Everyone has a personal brand--we’ve been cultivating our brand since we were born--but not everyone has dedicated time to intentionally refine their brand. In the article “7 Things You can Do to Build An Awesome Personal Brand,” the author says those who have refined their personal brands have the ability to use that brand as leverage in a professional space--like to get a raise in your current job, to find opportunities for collaboration or to get a brand new job.

 

Hard work is part of my personal brand.

Willows only had one middle school--Willows Intermediate School or “WIS” (sounded out like a word) as we liked to call it. As I limped into school on the first day of seventh grade, I remembered how--just a few days ago--the end of the plum orchard seemed like an eternity away. On that day at school, my legs felt like they were seriously going to fall off of me, but I was bursting with pride to be able to wear clothes that I had worked hard for.

In eleventh grade, I cut and glued together over 200 individual trees about an inch high to make the shorelines of the Mississippi River so I could correctly depict Huckleberry Finn’s journey in the book The Adventures of Huckleberry Finn. Talk about being meticulous.

Fast forward sixteen years and I’m wide awake at 1:00 in the morning, putting together a presentation for an Upward Bound counselor event. It’s supposed to be a five minute presentation about a tutoring program I created. I spent the evening piecing together a 3-minute video with background music and voiceover and am trying to make sure my voice is just the right volume throughout the whole video.

Some call this perfectionism. Others might call it over-achievement. Maybe even crazy. Why put 110% into a project when 100% will do?

Because I know that the difference between perfectionism and hard work is achievability.

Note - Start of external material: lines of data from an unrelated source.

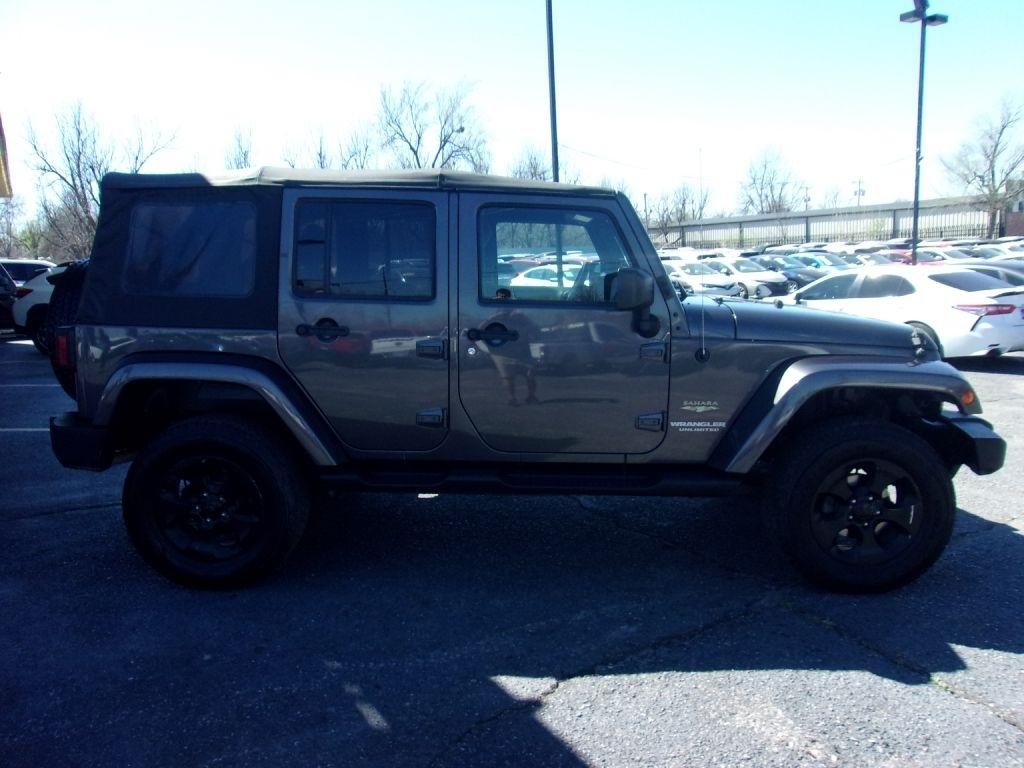 Jeep Wrangler Unlimited Sahara 4WD 2014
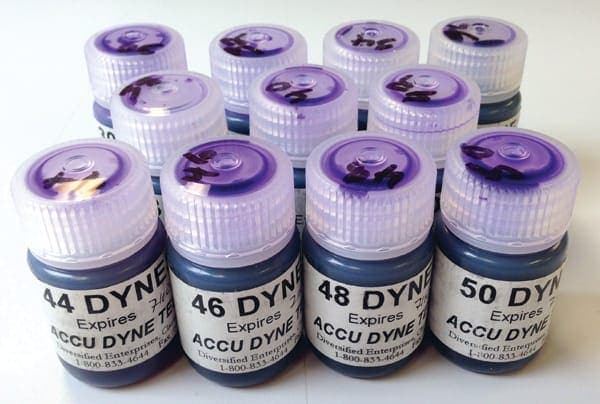 Medición de Limpieza con Plumas de Tensión Superficial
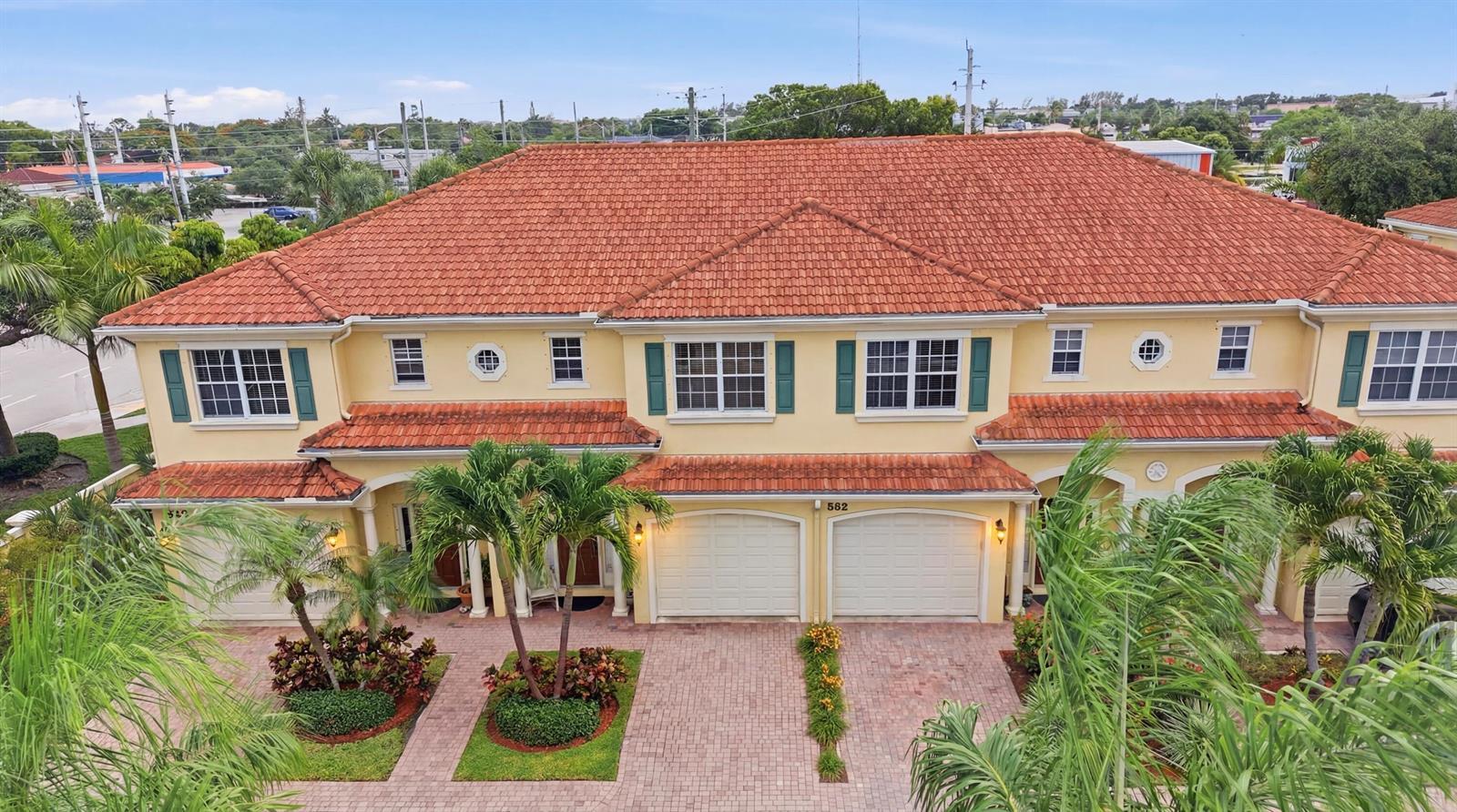556 Marbella Circle, North Palm Beach FL 33403 photo 2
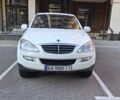 Белый Cанг Йонг Кирон, объемом двигателя 2 л и пробегом 138 тыс. км за 7600 $, фото 1 на Automoto.ua
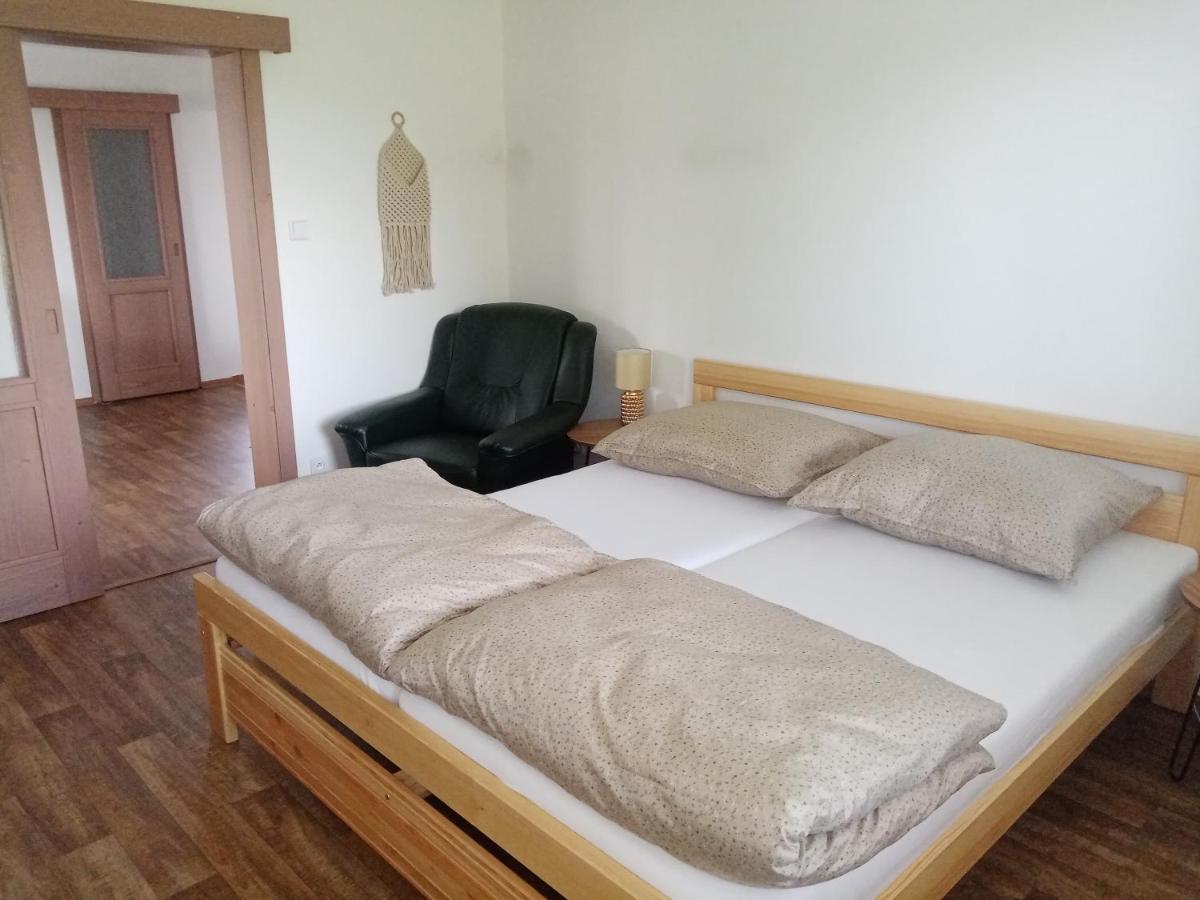 Apartmany ยาบลุนคอฟ ภายนอก รูปภาพ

Perfectionism can’t be achieved, but I believe hard work can achieve almost anything (or at least deep satisfaction in trying).

Also because why would anyone want something 100% done when it can be 110% done?

 

How to refine your personal brand for the professional setting

Have you ever heard of the Know, Like, Trust Factor? It’s a sales principle that I’ve heard a lot about since starting my blog, but it’s also useful outside of the sales world--who am I kidding? We're all in some form of sales, whether we get money for it or not. We're all trying to convince others to do something.

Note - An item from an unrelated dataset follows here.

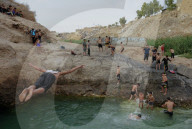 NEWS - Irak: Kinder baden im Fluss in Tal Afar, ehemaliger IS-Hochburg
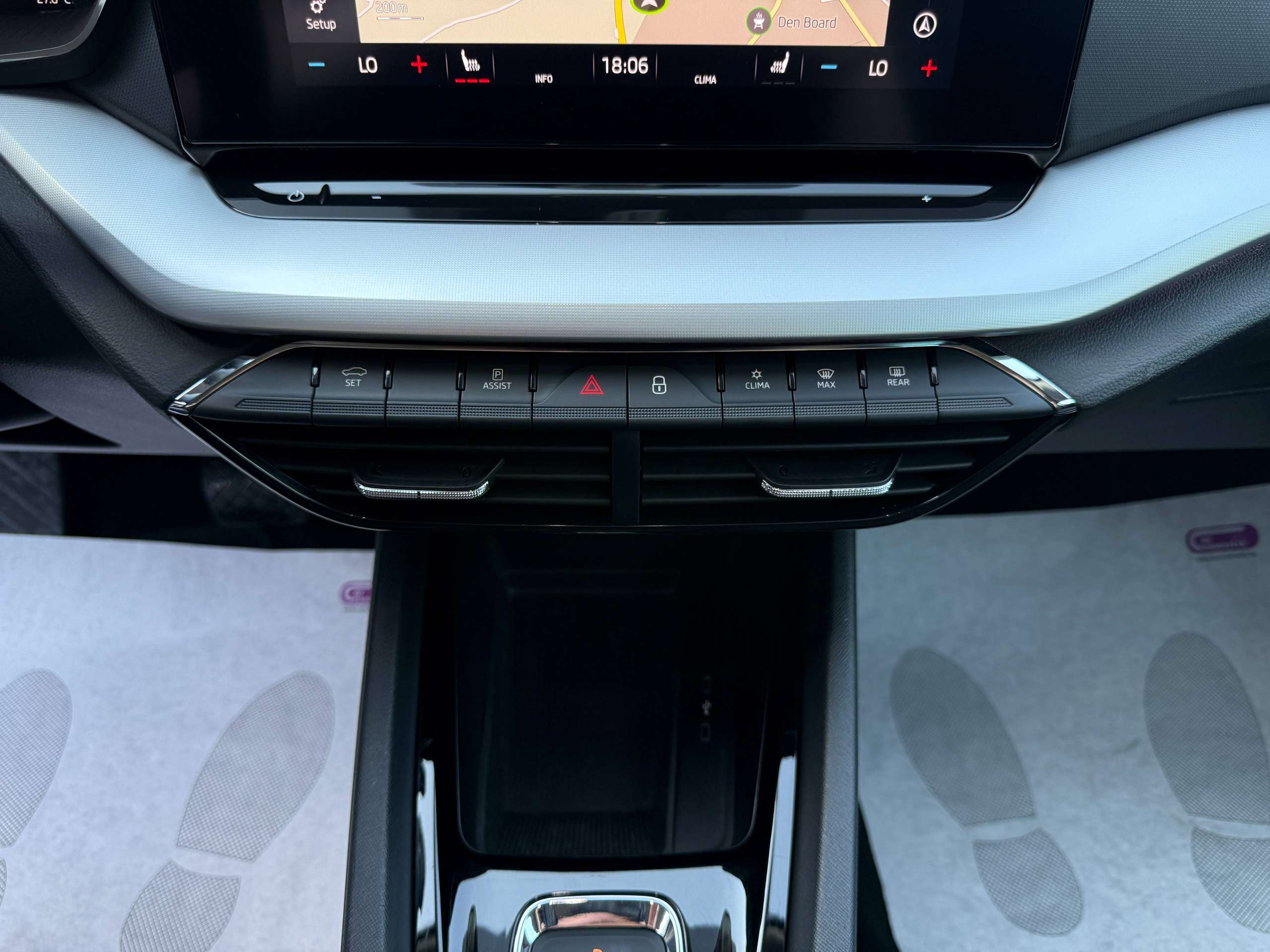 2df98772-b761-4648-991a-797dae47593321-skoda-octavia-1-0-tsi-dsg-automaat-break-navigatie-full-led-carplay-dab-bluetooth.jpg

For people to want to "buy" from you or to even invest time in you, they have to know, like and trust you. In that order preferably. And for them to know, like and trust you, you have to have a brand that they can easily associate those feelings with.

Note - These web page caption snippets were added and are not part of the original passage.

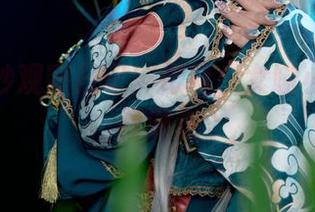 高清婚纱观察日记：爆机少女喵小吉在花间游走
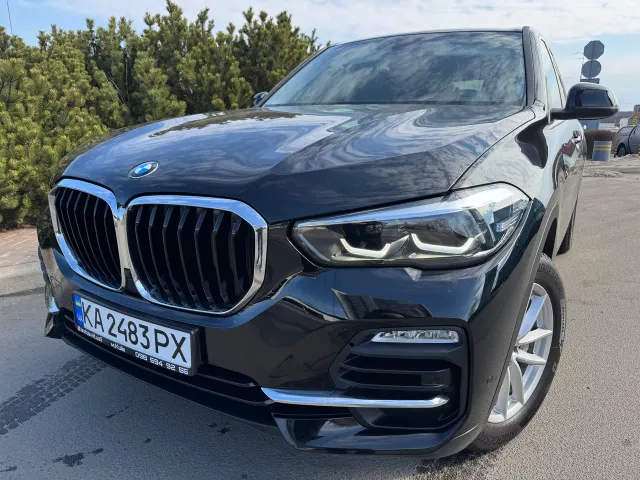 BMW X5 - фото 1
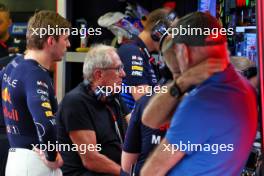 Max Verstappen (NLD) Red Bull Racing and Dr Helmut Marko (AUT) Red Bull Motorsport Consultant. 23.02.2024. Formula 1 Testing, Sakhir, Bahrain, Day Three.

To start refining your brand, be selective in the projects you take on. I’m not saying get yourself in trouble by defying your boss. I’m saying when opportunities come your way, say yes to projects that will help refine your brand. Use these three guideposts to help you decide whether a project is right for you.

1. Define an area or areas of expertise.

I’ve made it loud and clear to everyone in my world that I’m a writer. That I write novels and that I blog. I coordinate a writing center.

2. Let your core values guide you in your work.

I’m a rule follower through and through, and that is why Captain America is my favorite superhero--except for that one time he went rogue to rescue his friend Bucky (AKA The Winter Soldier), but even then I couldn’t dislike him because he was only breaking the rules so he could rescue his friend. And, well, he’s Captain America.

3. Add value to the organizations and programs you work for.

At every organization that I’ve worked for, I haven’t just “gone to work.” I’ve created long-term solutions for areas that needed improvement. Solutions that will stay long after I’ve gone. And I’ve always given 110%.

 

Owning my whole brand

My brand started way before I even knew what a brand was. My brand started in a little village in the mountains of Thailand in a house made of bamboo. My brand started with words that were assigned to me, like refugee and welfare and ESL. And those words are still part of my brand, but now so is storyteller and professional and hard worker--words that I chose for myself. And that is the beauty of a personal brand. You can refine it in any way you like.